_DATA SUPPLIED_:
◆ ◆ ◆ ◆ ◆ ◆ ◆

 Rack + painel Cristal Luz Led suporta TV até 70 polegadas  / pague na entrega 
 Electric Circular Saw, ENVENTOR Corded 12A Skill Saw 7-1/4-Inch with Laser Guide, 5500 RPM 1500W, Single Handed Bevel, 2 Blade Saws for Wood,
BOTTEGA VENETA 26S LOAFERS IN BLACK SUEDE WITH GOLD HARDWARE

◆ ◆ ◆ ◆ ◆ ◆ ◆

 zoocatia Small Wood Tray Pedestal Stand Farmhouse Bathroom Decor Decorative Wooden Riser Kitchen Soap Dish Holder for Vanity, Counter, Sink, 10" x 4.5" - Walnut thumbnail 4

◆ ◆ ◆ ◆ ◆ ◆ ◆

_TASK STATEMENT_:
What you give back must be the stretch above, starting at the line with "Electric Circular Saw, ENVENTOR" and ending at the line with "BOTTEGA VENETA 26S", copied exactly.

_WRITTEN ANSWER_:
 Electric Circular Saw, ENVENTOR Corded 12A Skill Saw 7-1/4-Inch with Laser Guide, 5500 RPM 1500W, Single Handed Bevel, 2 Blade Saws for Wood,
BOTTEGA VENETA 26S LOAFERS IN BLACK SUEDE WITH GOLD HARDWARE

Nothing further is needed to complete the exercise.